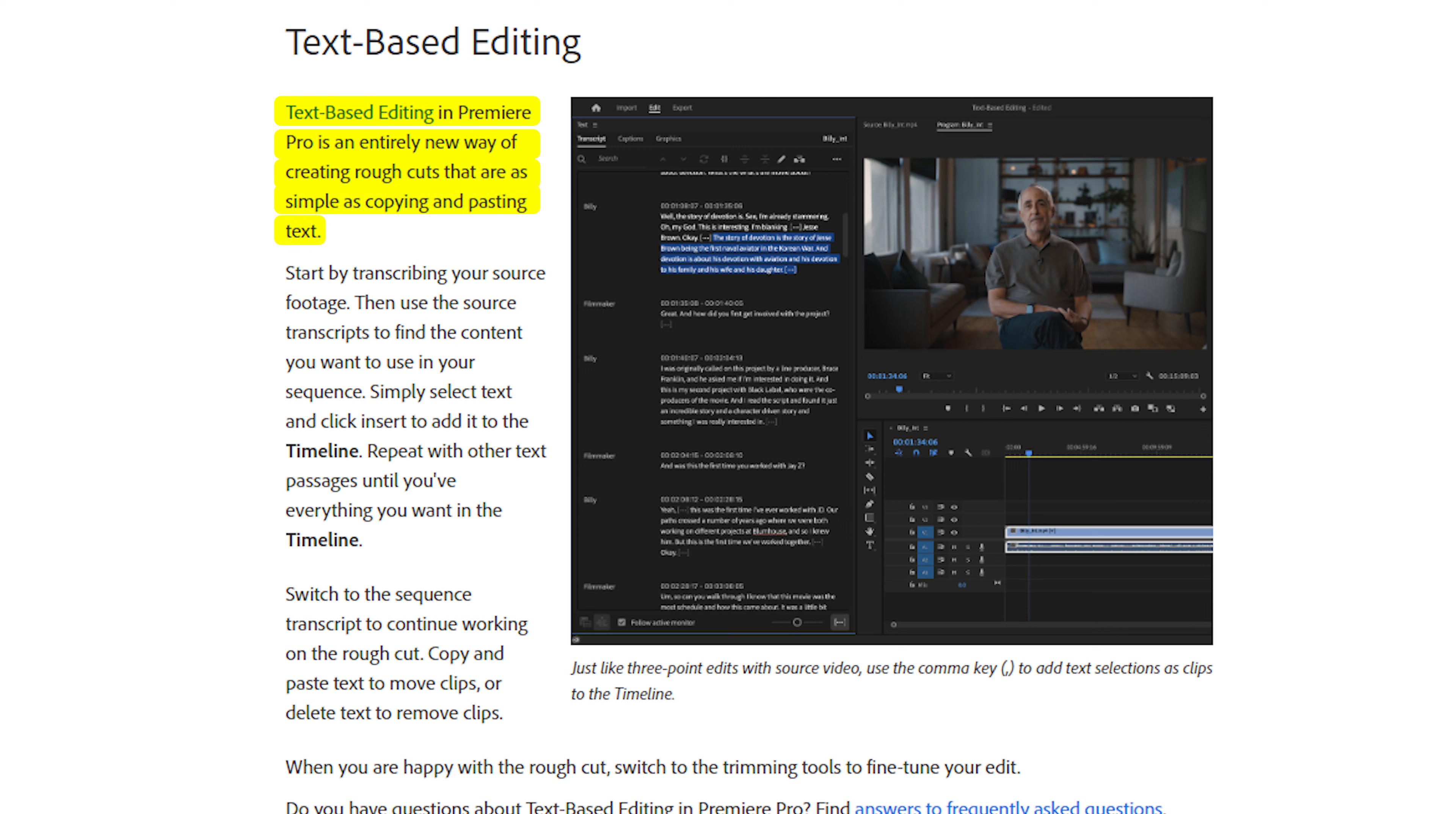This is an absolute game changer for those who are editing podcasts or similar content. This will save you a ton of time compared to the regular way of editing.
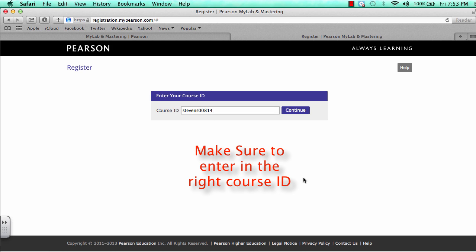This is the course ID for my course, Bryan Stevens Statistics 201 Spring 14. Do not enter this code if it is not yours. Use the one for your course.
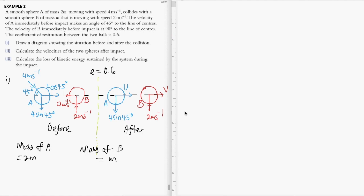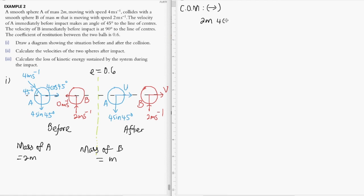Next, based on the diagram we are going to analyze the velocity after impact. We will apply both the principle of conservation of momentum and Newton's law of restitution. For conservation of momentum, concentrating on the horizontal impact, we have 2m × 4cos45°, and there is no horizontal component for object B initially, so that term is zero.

● Your assignment: Reproduce, with the pictures omitted, exactly those lines that run from the line with "This is the" to the last line of the material, both ends included.

● Result for this exercise:
This is the course ID for my course, Bryan Stevens Statistics 201 Spring 14. Do not enter this code if it is not yours. Use the one for your course.
Next, based on the diagram we are going to analyze the velocity after impact. We will apply both the principle of conservation of momentum and Newton's law of restitution. For conservation of momentum, concentrating on the horizontal impact, we have 2m × 4cos45°, and there is no horizontal component for object B initially, so that term is zero.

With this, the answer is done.